This also connects nicely to the broader byte-modeling literature. CANINE, Charformer, MEGABYTE, and Byte Latent Transformer all deal, in different ways, with the fact that byte/character streams are long and need some kind of downsampling, grouping, or patching. What is different here is that the fixed HSL channels let you inspect which parts of the byte-signal representation are load-bearing after training.

That inspectability may be one of the strongest reasons to keep the zero-door setup around, even apart from parameter count.

The grounding failure is the most informative break

The disk-grounding result looks like the most important failure case so far.

My updated read is:

Path	Current read
primary byte input	zero HSL door looks plausible
decoded sensor-like input	zero HSL door can be competitive with a learned door, at least in these small probes
retrieved memory / disk facts	zero-padding alone is not enough; this path likely needs its own learned interface
output head	K-packed symmetry is a separate structural choice and currently seems to cost bits
absolute-distance tasks	change-rate geometry may need an explicit absolute-magnitude channel

That makes me think the next map should be a path-specific door map , not only a failure-boundary map.

Something like:

Path	Candidate door	Why
primary decoded byte stream	zero HSL door	fixed geometry seems enough for ordinary observation bytes
retrieved memory / disk facts	small learned projection	retrieved facts are not just another byte stream; the model must be forced to read their content
output head	separate design, not automatically symmetric	input K-packing and output K-packing do not have to share the same answer
absolute sensor tasks	HSL + coarse absolute channel	change-rate features may miss magnitude-critical information
adaptive slotting	HSL + active boundary channel	boundary may wake up only when slot boundaries become content-dependent

The grounding break is useful because it suggests that “zero learned door” may be path-specific , not universal.

That is a good result, not a bad one.

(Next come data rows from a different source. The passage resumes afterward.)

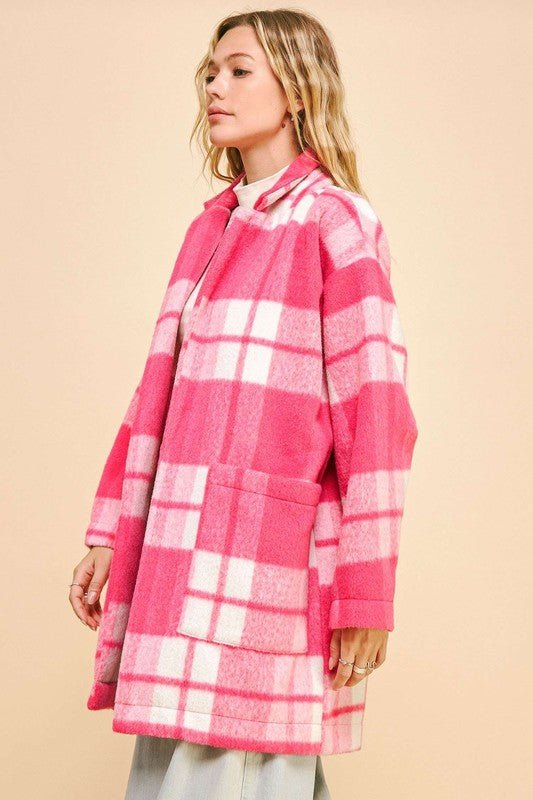 Pink plaid longline coat with open front and drop shoulders, featuring large front pockets, made of 100% polyester.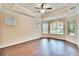 Spacious main bedroom with crown molding, ceiling fan, and lots of windows at 6645 Current Dr, Apollo Beach, FL 33572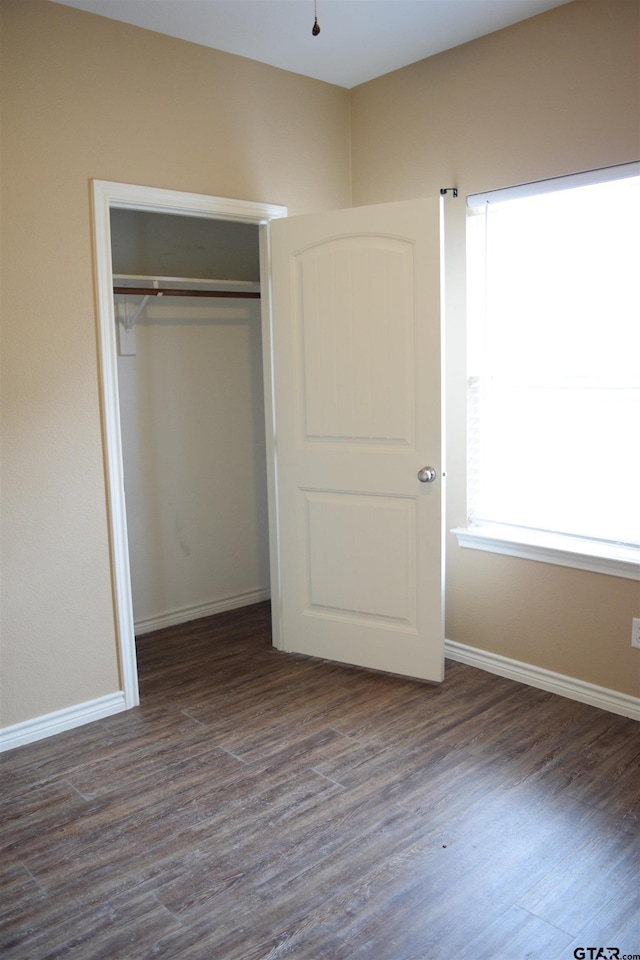 unfurnished bedroom with dark hardwood / wood-style flooring and a closet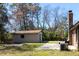 A detached garage located within a wooded backyard and a poured concrete pad at 105 Wade Ct, Summerville, SC 29486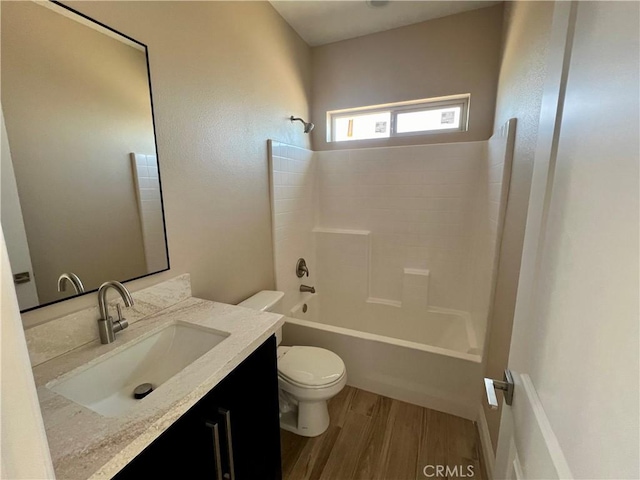 full bathroom with toilet, hardwood / wood-style flooring, shower / washtub combination, and vanity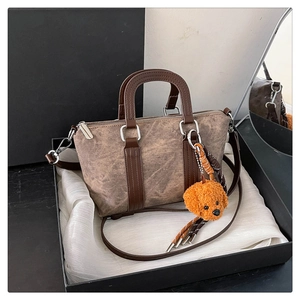 Detail of retro tan Boston bag with plush dog charm on premium white silk lining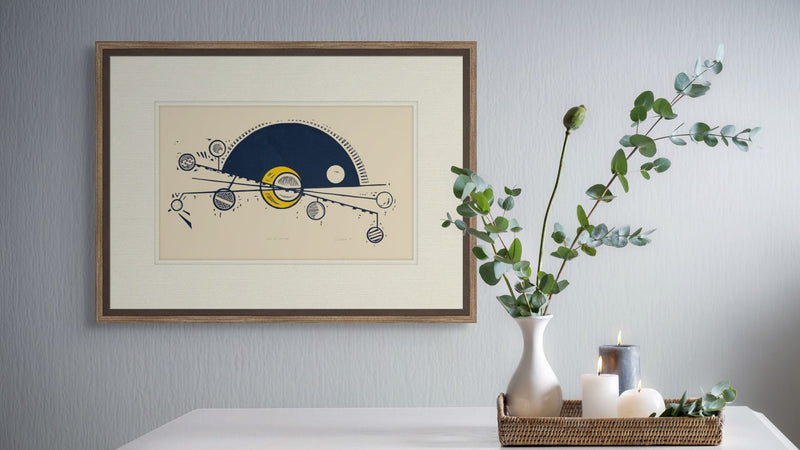 Framed artwork on a wall with a decorative table below featuring a vase, candles, and plants.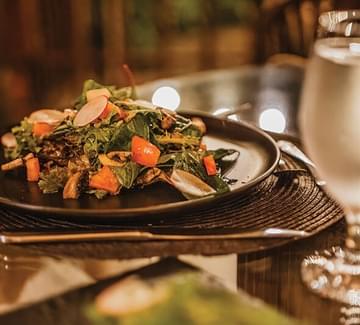 fresh salad on a plate in romantic lighting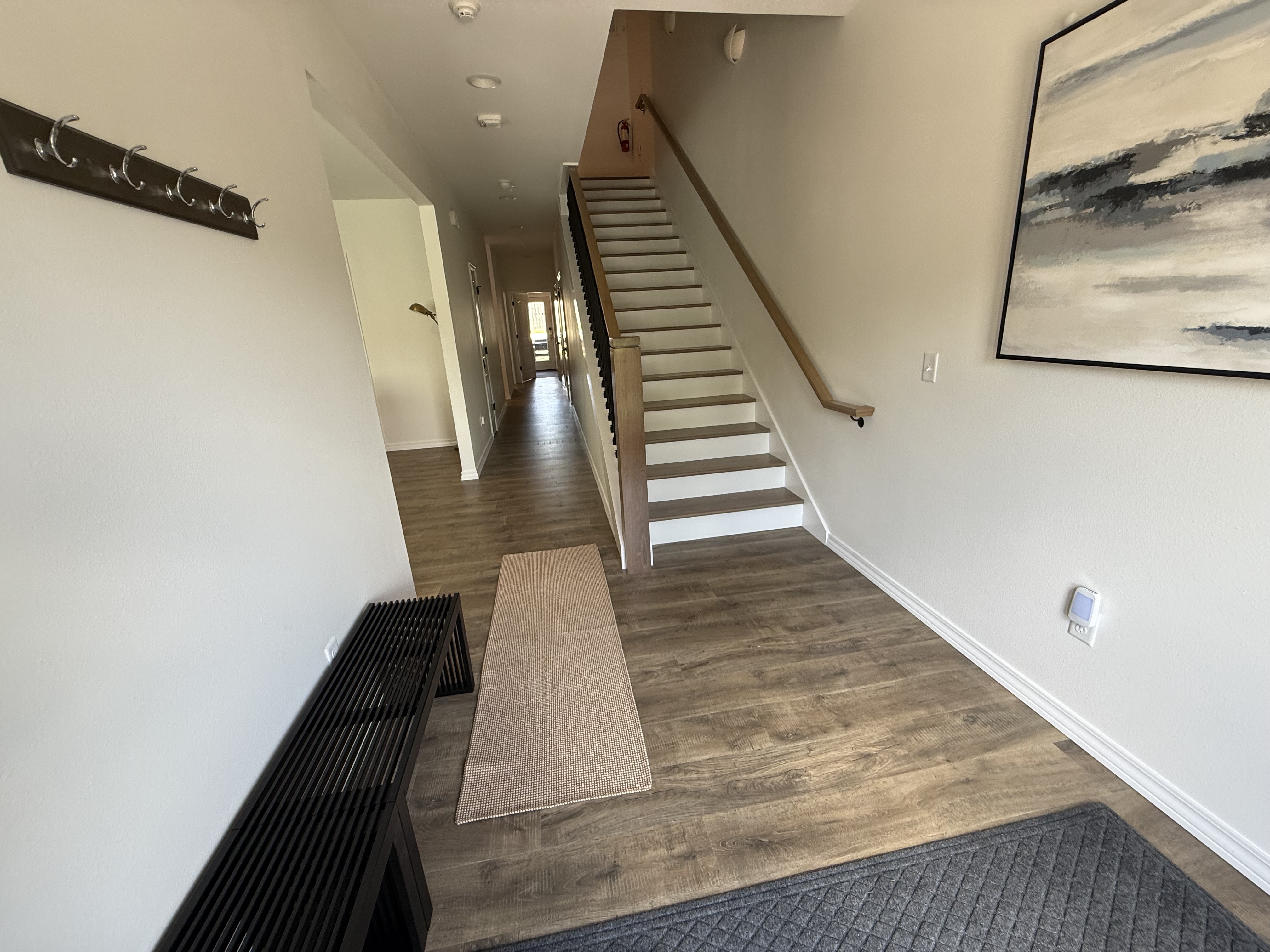 Hallway. Stairs to second floor. Hand stained steps and railings.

It narrows the design rule.

Memory path may be a different object than input bytes

The retrieved-memory failure suggests a conceptual distinction:

primary input bytes are observations; retrieved memory is evidence.

Those may need different interfaces.

For primary input, zero HSL features can work because the model is learning from local byte structure. For retrieved facts, the model has to treat the memory content as something to consult. If the memory path is too thin or too diluted by positional structure, the model can learn to ignore it.

So I would phrase the result this way:

zero door is promising for primary observation streams, but retrieved memory probably needs an explicit learned reading interface.

That is a more specific and more useful claim than either:

“zero door works everywhere,” or
“zero door fails grounding.”

The monotonic recovery after adding a small learned memory projection is encouraging, even if the current gap is still far below the old learned-door number. It shows directionality: the model can be made to read the disk again when the memory path has its own interface.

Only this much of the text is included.